1 Reducción de tiempos de construcción:
Este ladrillo acelera notablemente los procesos de edificación gracias a su diseño innovador. Basado en un prisma rectangular, cuenta con dos huecos troncocónicos y seis varillas de acero en la cara inferior que facilitan el encastre con los ladrillos de la hilada inferior. Este mecanismo permite un montaje más rápido y eficiente en comparación con los ladrillos tradicionales.
2 Mayor precisión en la colocación:
El diseño incluye cuatro patas en la cara inferior que aseguran una alineación más exacta de las piezas. Esto reduce errores y mejora la calidad estructural de la edificación.
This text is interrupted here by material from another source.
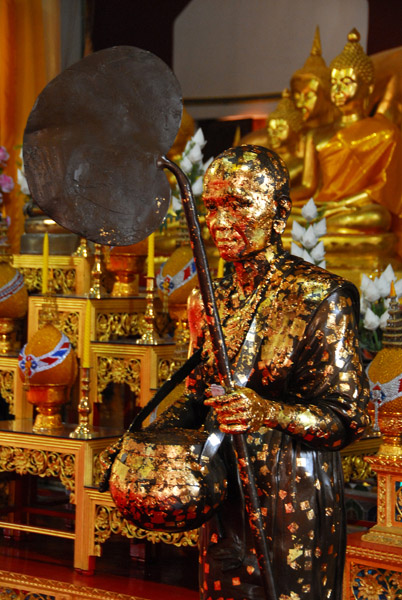 Monk statue with offerings of gold leaf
3 Resistencia mejorada a vibraciones:
La capacidad de encastre no solo acelera la construcción, sino que también incrementa la resistencia a vibraciones y empujes. Una vez solidificada la argamasa entre las piezas, la estructura adquiere una robustez superior frente a movimientos sísmicos.
4 Sostenibilidad ambiental:
Este ladrillo tiene el potencial de ser fabricado con materiales alternativos como paja, caña, cenizas de carbón o residuos plásticos. Estas opciones no solo reducen la extracción de arcilla, sino que también reutilizan materiales que de otro modo serían desechados, disminuyendo así el impacto ambiental.

Impacto ecológico:

El uso de materiales reciclados en la fabricación del ladrillo autocentrable no solo reduce la dependencia de recursos naturales, sino que también contribuye a la economía circular al integrar desechos en nuevos procesos productivos. Este enfoque está siendo investigado activamente para ampliar su implementación, lo que lo convierte en una solución tanto innovadora como sostenible para la construcción.
El ladrillo autocentrable no solo representa un avance en términos de eficiencia constructiva, sino que también abre la puerta a prácticas más responsables con el medio ambiente, posicionándose como una herramienta clave en el desarrollo de edificaciones más resistentes y sostenibles.